┌────────

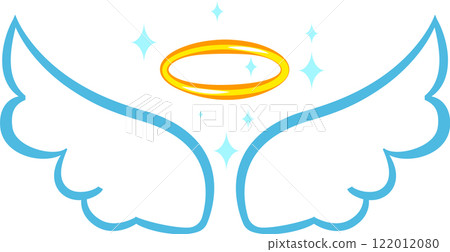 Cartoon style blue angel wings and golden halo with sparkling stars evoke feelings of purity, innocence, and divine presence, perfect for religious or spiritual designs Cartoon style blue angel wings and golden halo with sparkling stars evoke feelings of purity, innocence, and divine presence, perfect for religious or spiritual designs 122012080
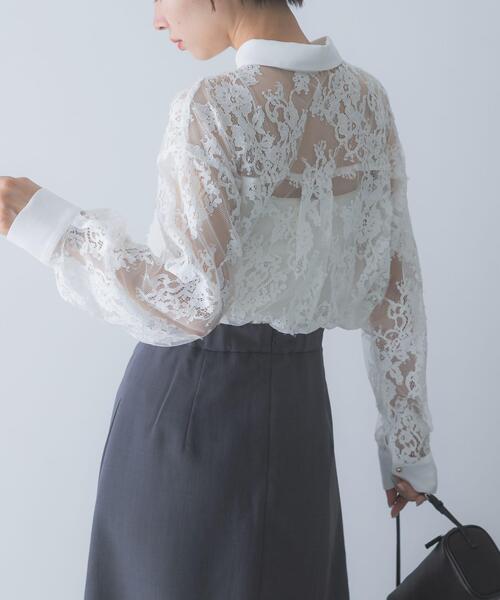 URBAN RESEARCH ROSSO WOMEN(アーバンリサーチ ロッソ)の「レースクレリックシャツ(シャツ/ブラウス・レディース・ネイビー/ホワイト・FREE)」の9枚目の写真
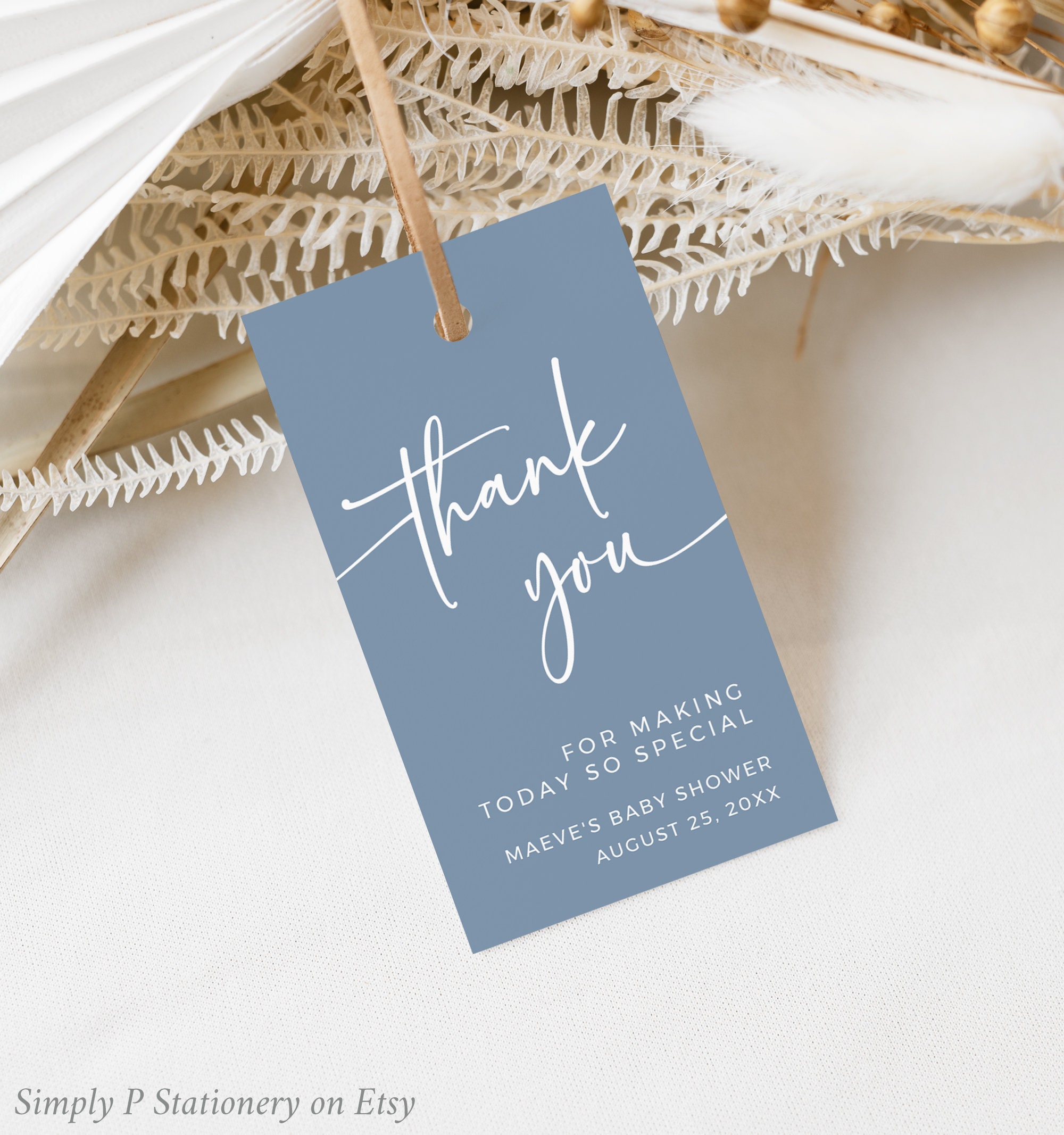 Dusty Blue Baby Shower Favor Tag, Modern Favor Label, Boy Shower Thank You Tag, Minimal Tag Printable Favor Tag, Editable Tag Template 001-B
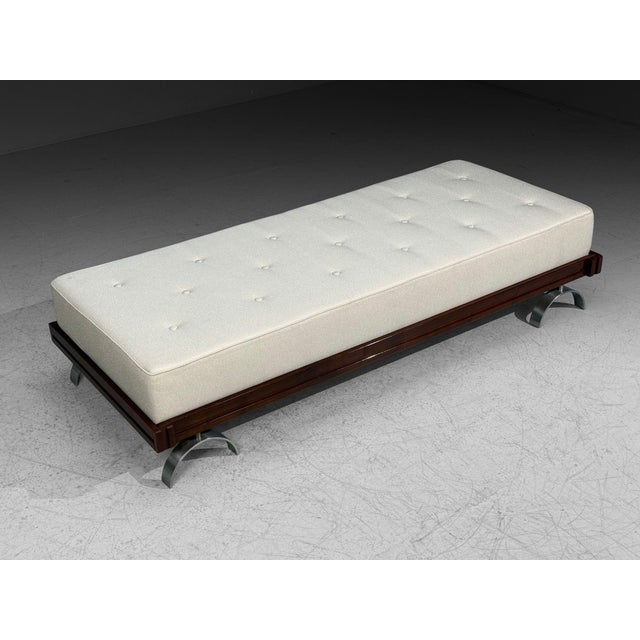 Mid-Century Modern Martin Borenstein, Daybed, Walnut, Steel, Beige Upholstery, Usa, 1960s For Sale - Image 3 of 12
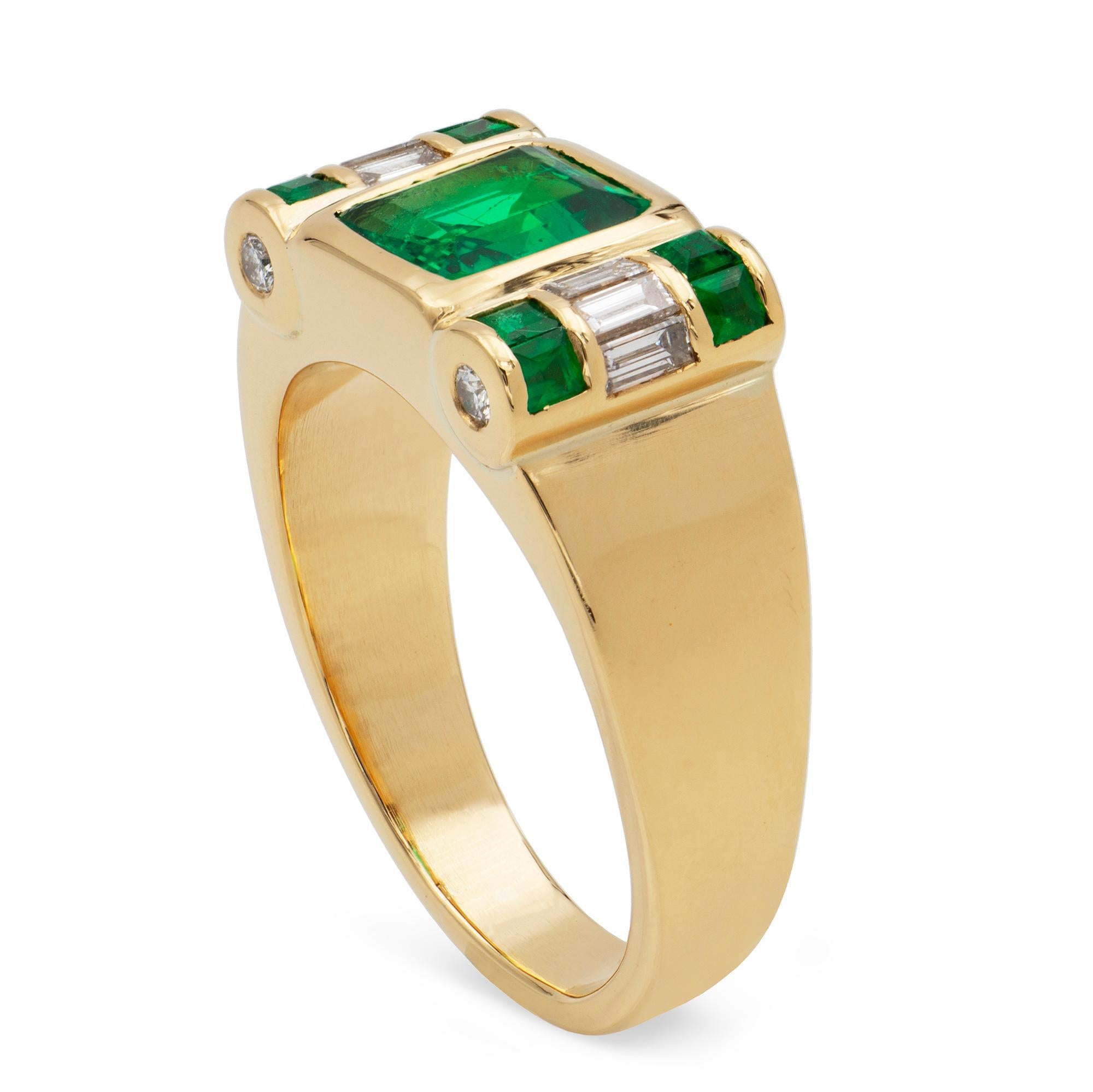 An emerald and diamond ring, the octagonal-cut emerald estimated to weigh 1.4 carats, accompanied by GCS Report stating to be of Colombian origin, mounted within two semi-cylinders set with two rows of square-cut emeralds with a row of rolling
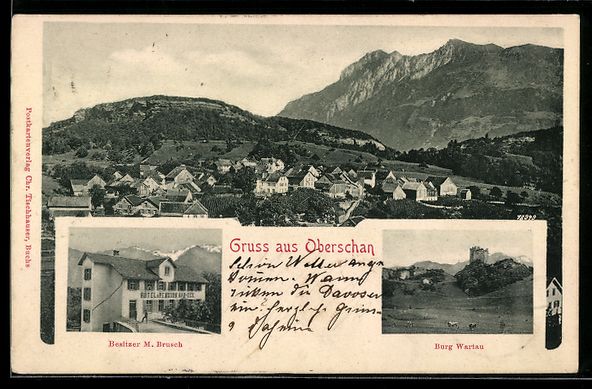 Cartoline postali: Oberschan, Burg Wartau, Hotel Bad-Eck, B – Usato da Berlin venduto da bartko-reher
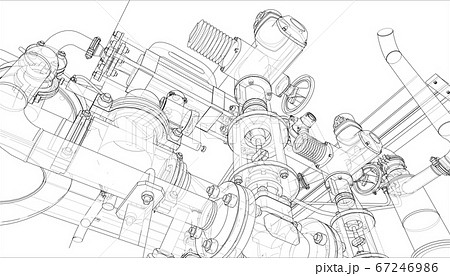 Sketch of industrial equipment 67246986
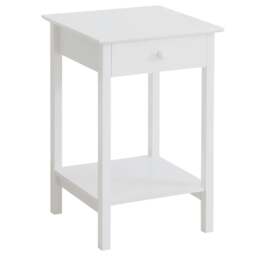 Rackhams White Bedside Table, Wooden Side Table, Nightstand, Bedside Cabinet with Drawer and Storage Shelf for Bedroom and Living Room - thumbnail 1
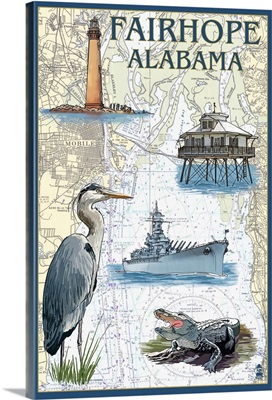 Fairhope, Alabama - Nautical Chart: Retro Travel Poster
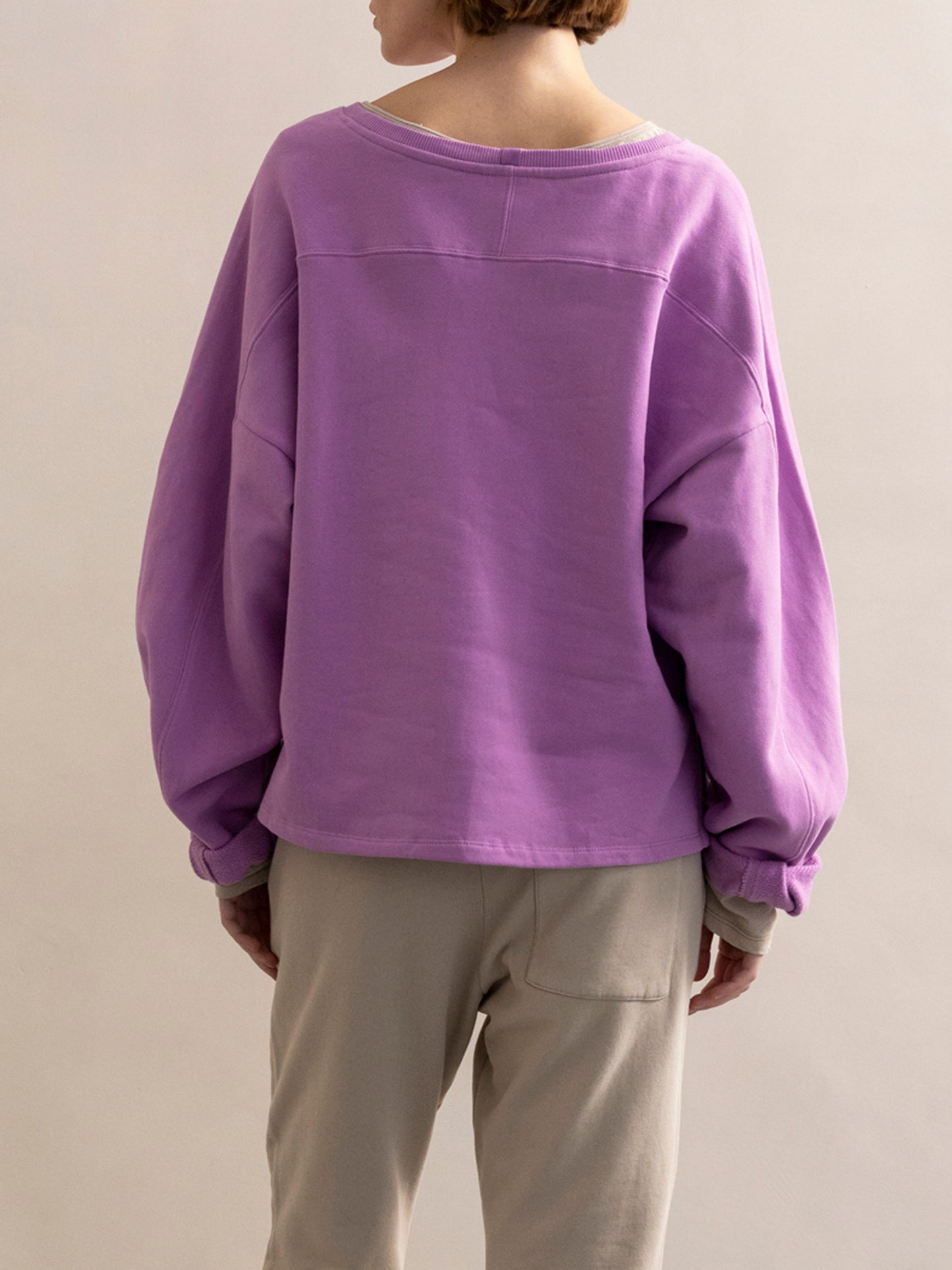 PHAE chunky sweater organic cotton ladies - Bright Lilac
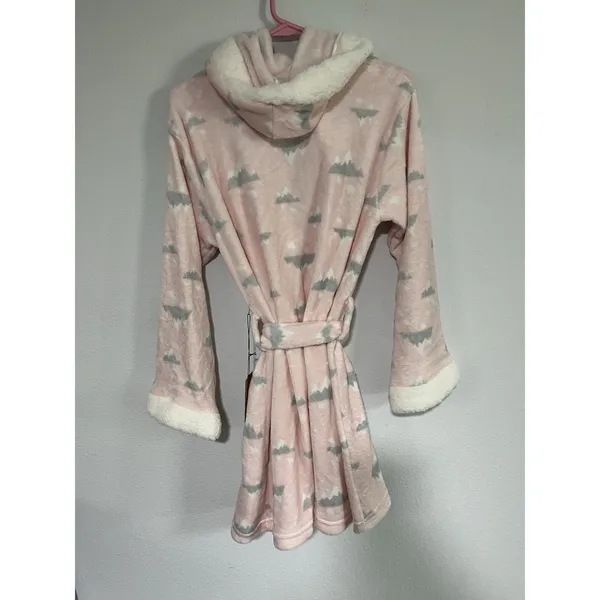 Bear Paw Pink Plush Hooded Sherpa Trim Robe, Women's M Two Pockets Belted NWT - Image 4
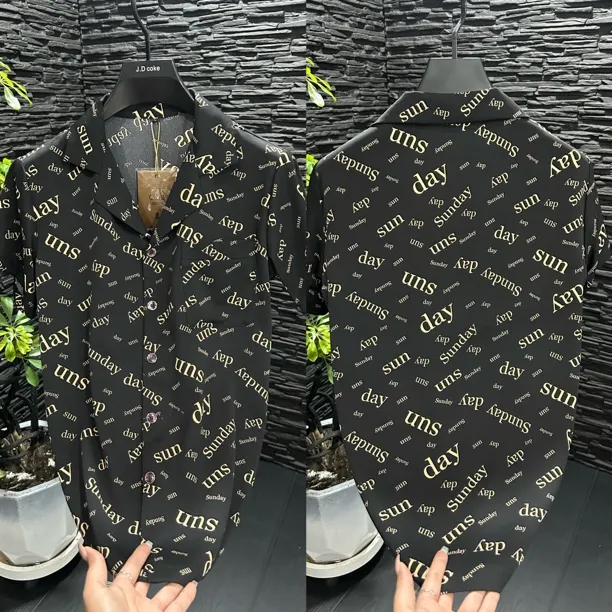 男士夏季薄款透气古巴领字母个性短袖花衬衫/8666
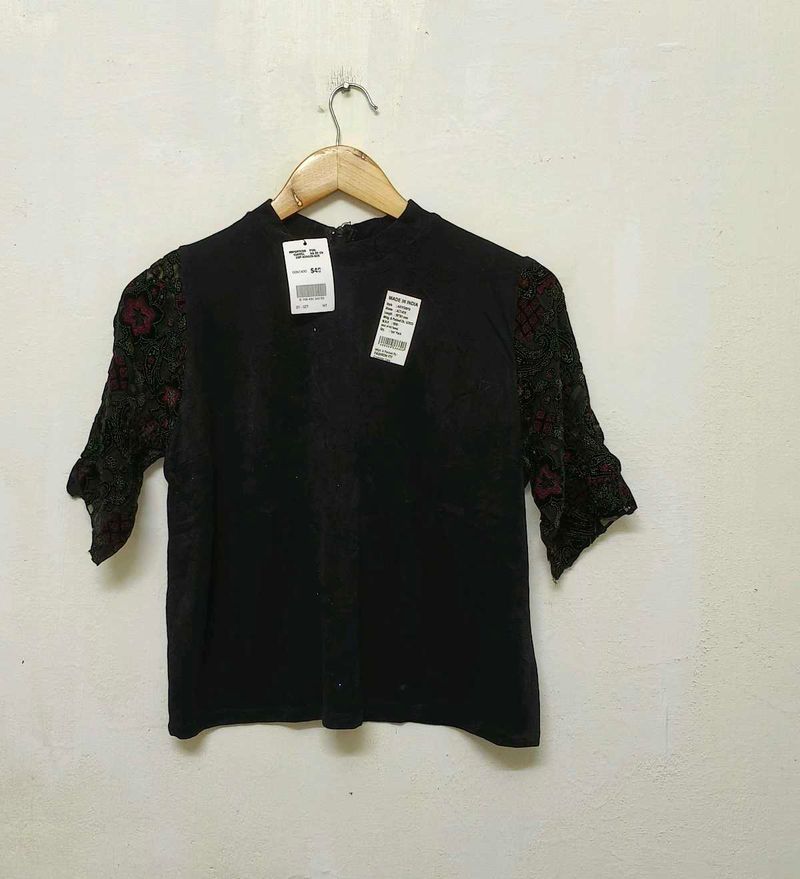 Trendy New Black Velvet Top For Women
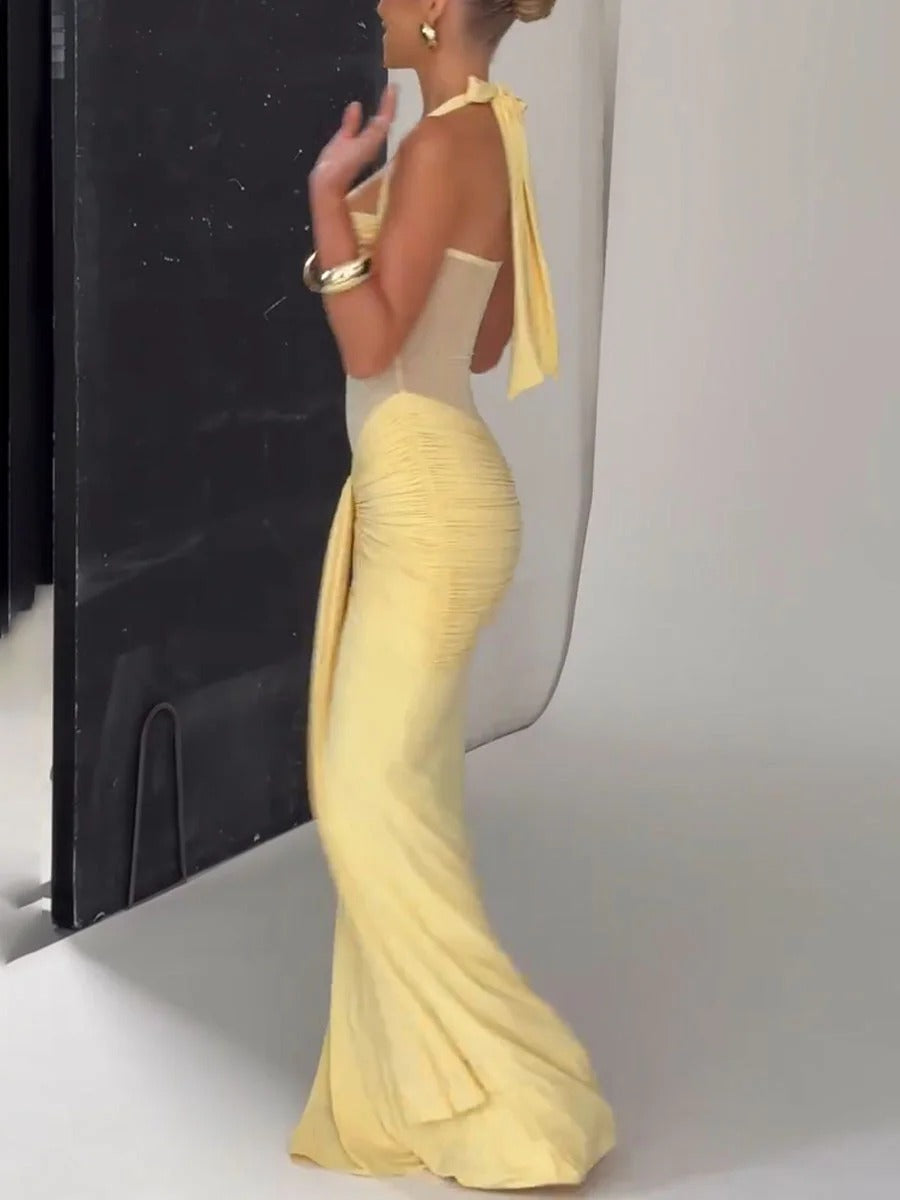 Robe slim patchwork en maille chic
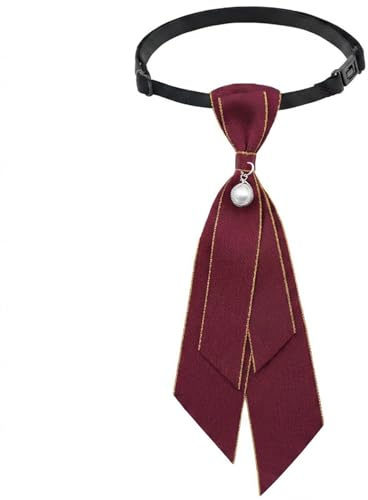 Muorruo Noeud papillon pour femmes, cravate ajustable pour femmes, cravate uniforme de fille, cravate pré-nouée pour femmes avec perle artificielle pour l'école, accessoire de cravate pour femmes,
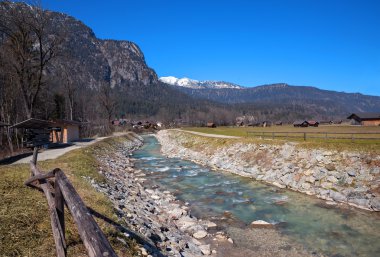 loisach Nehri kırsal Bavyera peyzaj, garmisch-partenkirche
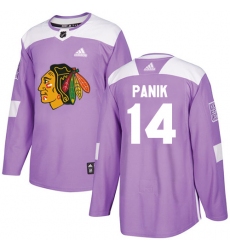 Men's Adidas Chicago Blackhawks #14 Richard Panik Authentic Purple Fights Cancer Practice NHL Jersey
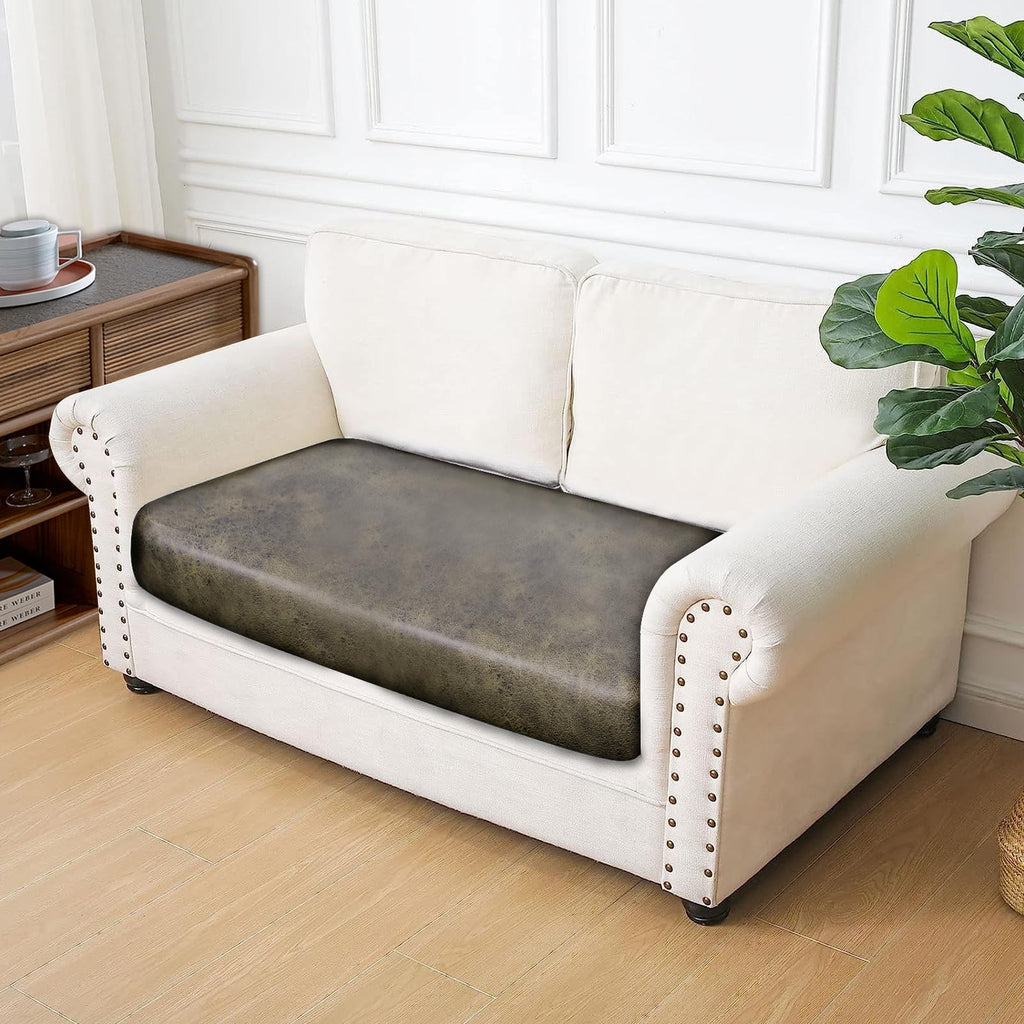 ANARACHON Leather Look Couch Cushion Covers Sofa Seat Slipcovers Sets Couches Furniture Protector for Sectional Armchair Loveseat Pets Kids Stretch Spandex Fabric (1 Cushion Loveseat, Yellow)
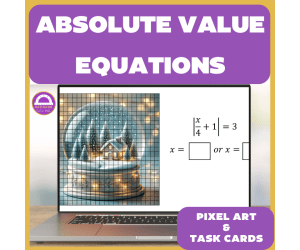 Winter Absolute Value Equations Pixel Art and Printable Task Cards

└────────

• What this task involves: Once the pictures are set aside, give the rest of the material again unchanged.

• Task result:
 Cartoon style blue angel wings and golden halo with sparkling stars evoke feelings of purity, innocence, and divine presence, perfect for religious or spiritual designs Cartoon style blue angel wings and golden halo with sparkling stars evoke feelings of purity, innocence, and divine presence, perfect for religious or spiritual designs 122012080
 URBAN RESEARCH ROSSO WOMEN(アーバンリサーチ ロッソ)の「レースクレリックシャツ(シャツ/ブラウス・レディース・ネイビー/ホワイト・FREE)」の9枚目の写真
 Dusty Blue Baby Shower Favor Tag, Modern Favor Label, Boy Shower Thank You Tag, Minimal Tag Printable Favor Tag, Editable Tag Template 001-B
 Mid-Century Modern Martin Borenstein, Daybed, Walnut, Steel, Beige Upholstery, Usa, 1960s For Sale - Image 3 of 12
 An emerald and diamond ring, the octagonal-cut emerald estimated to weigh 1.4 carats, accompanied by GCS Report stating to be of Colombian origin, mounted within two semi-cylinders set with two rows of square-cut emeralds with a row of rolling
 Cartoline postali: Oberschan, Burg Wartau, Hotel Bad-Eck, B – Usato da Berlin venduto da bartko-reher
 Sketch of industrial equipment 67246986
 Rackhams White Bedside Table, Wooden Side Table, Nightstand, Bedside Cabinet with Drawer and Storage Shelf for Bedroom and Living Room - thumbnail 1
 Fairhope, Alabama - Nautical Chart: Retro Travel Poster
 PHAE chunky sweater organic cotton ladies - Bright Lilac
 Bear Paw Pink Plush Hooded Sherpa Trim Robe, Women's M Two Pockets Belted NWT - Image 4
 男士夏季薄款透气古巴领字母个性短袖花衬衫/8666
 Trendy New Black Velvet Top For Women
 Robe slim patchwork en maille chic
 Muorruo Noeud papillon pour femmes, cravate ajustable pour femmes, cravate uniforme de fille, cravate pré-nouée pour femmes avec perle artificielle pour l'école, accessoire de cravate pour femmes,
 loisach Nehri kırsal Bavyera peyzaj, garmisch-partenkirche
 Men's Adidas Chicago Blackhawks #14 Richard Panik Authentic Purple Fights Cancer Practice NHL Jersey
 ANARACHON Leather Look Couch Cushion Covers Sofa Seat Slipcovers Sets Couches Furniture Protector for Sectional Armchair Loveseat Pets Kids Stretch Spandex Fabric (1 Cushion Loveseat, Yellow)
 Winter Absolute Value Equations Pixel Art and Printable Task Cards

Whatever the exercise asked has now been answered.